Deneen's argument is that liberalism is based on radical individualism. When you pursue that to it's end, you sever yourself from all historical and social support structures, and as a result you end up depending on a totalizing state to provide for your needs. I appreciate the friendly community and the value for value economy being built on Nostr, it seems like the start of building a system of trust between individuals that isn't mediated by government.
I am not convinced that Bitcoin can apply force to the government to make it do anything. The goodness of an idea lies in the understanding of those who act on that idea, not in the idea itself. The completion among groups with different ideas is not based on the goodness of those ideas, and neither is the success of that completion based on truth, goodness or justice. If we don’t act with the understand that politics is the process by which the authority to wage war, tax and imprison emerges into our world, that doesn’t negate the actions of others. The war among those with ideas is no less fierce and requires warriors.
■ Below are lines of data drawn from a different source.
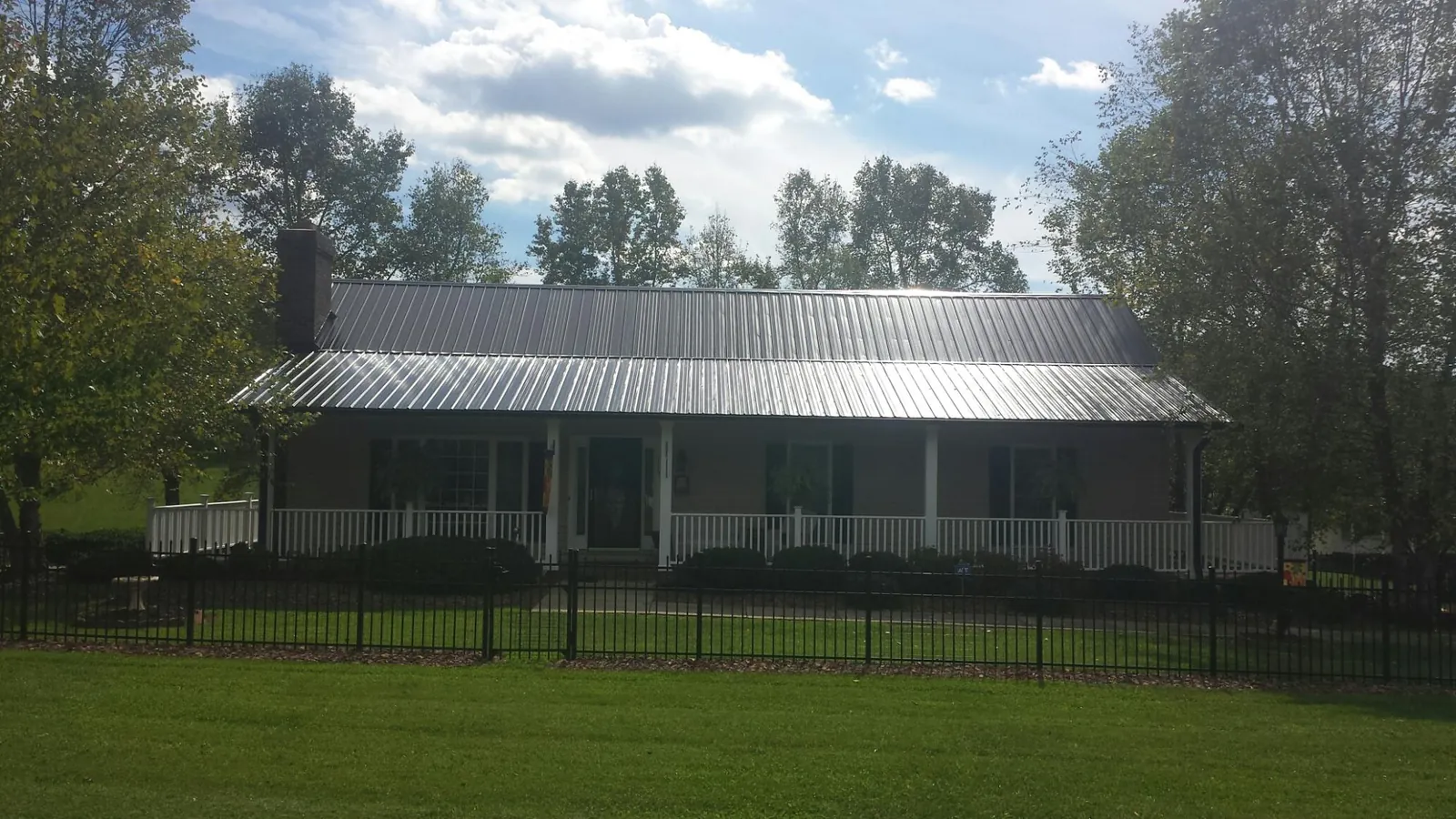Gray metal roof on a brick ranch with a full width front porch — Gutter Guard Installation work by our crew in North Stonington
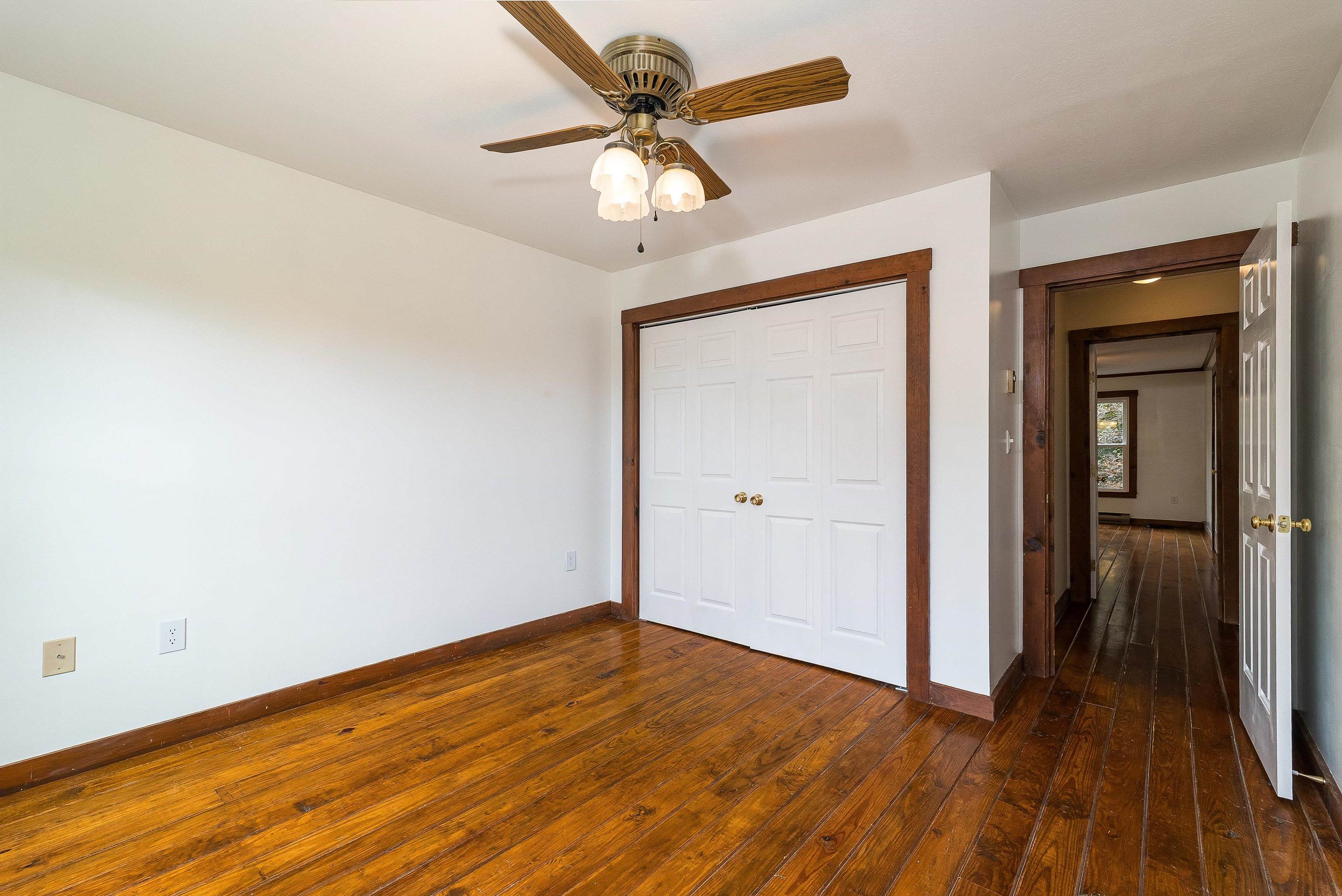 598 Broadhead School Road Greenville, VA 24440 - Photo 36 of 55 a view of a room with wooden floor and ceiling fan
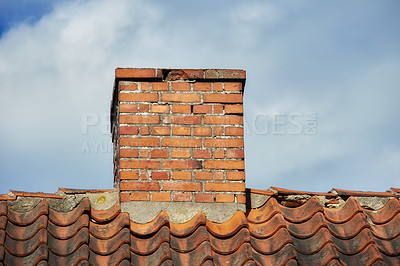 Buy stock photo An orange bricked roof with chimney against the blue sky with copy space on a sunny day. A brick chimney on the roof in the blue cloudy sky background. A closeup of the chimney on the rooftop.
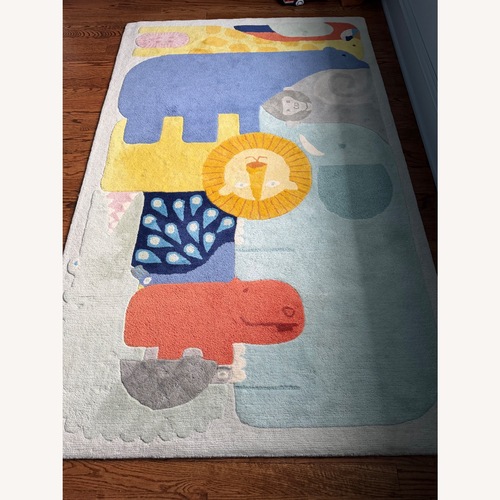 Used Crate & Kids Animal Wool Area Rug 5' x 8' and Pad for sale on AptDeco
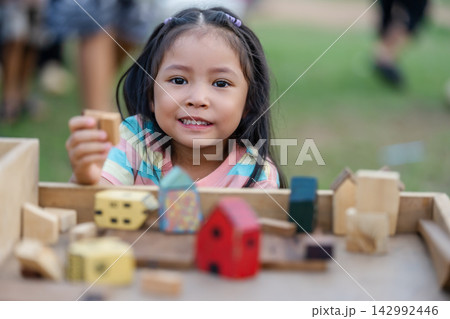 preschool child girl playing with wooden toy block at outdoor 142992446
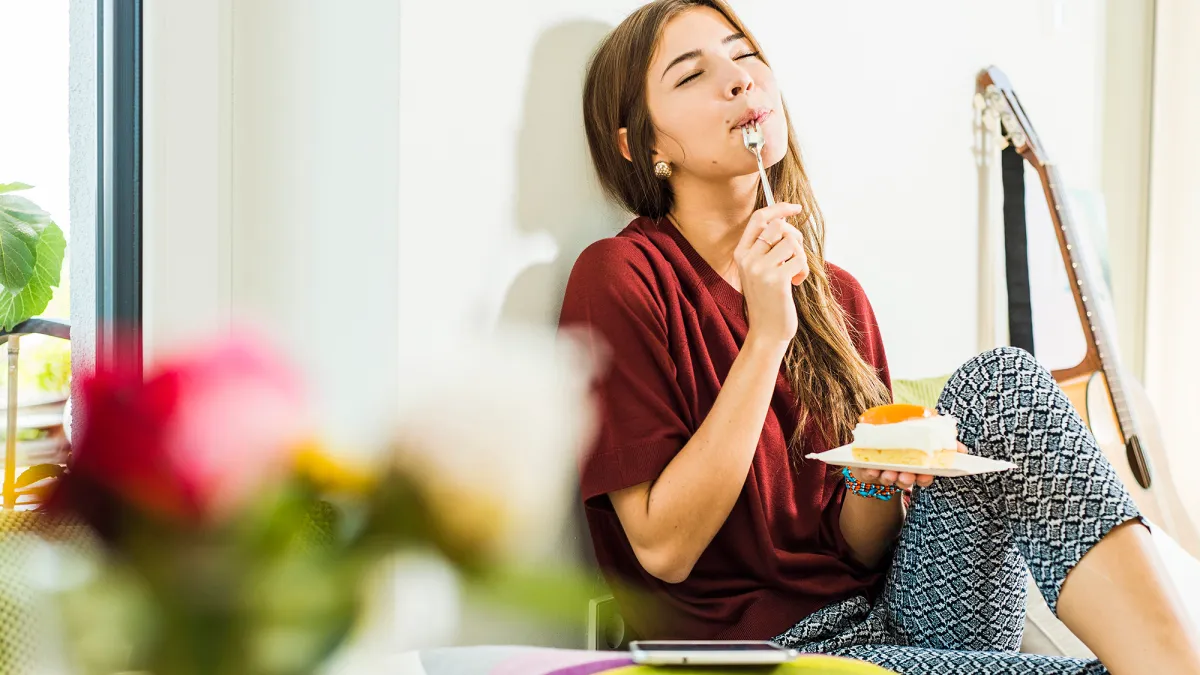 Woman Eating Cake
Just doing my part. #liberty #libertarian #asknostr
It's definitely a competition of ideas. But Bitcoin removes government's ability to extract wealth at will from the people living there. And if the people can exit because of poor treatment, the actions of the government has direct consequences. Human action is what changes the world. Ideas are what motivates this action, but ideas without action are worthless. I think we're saying basically the same thing. But government power is very likely to be reduced/limited by the existence and especially by the mass adoption (human action) of it by the populace. BTW - This is a great video by Larkin Rose... https://youtu.be/hw01fB3hqBM?si=EU5s4DsGTUQta-Ft
There is no justification with regard to accepting first principles. First principles come from experience not proof. I don’t know the proof that Bitcoin removes government's ability to extract wealth. What principle is it based on? The principle “Every Human Being owns Himself’ also does not emerge from the knowledge of good or evil, it is something to be agreed on or not in our experience. The process that has allowed us to formulate concepts of good and evil perpetuates itself by the manifestations of those concepts in the common understanding of our environment. In other words, I understand slavery is bad because our environment has created understandable concepts that didn’t prevail in history. Which came first, the success of those concepts, or the goodness of them?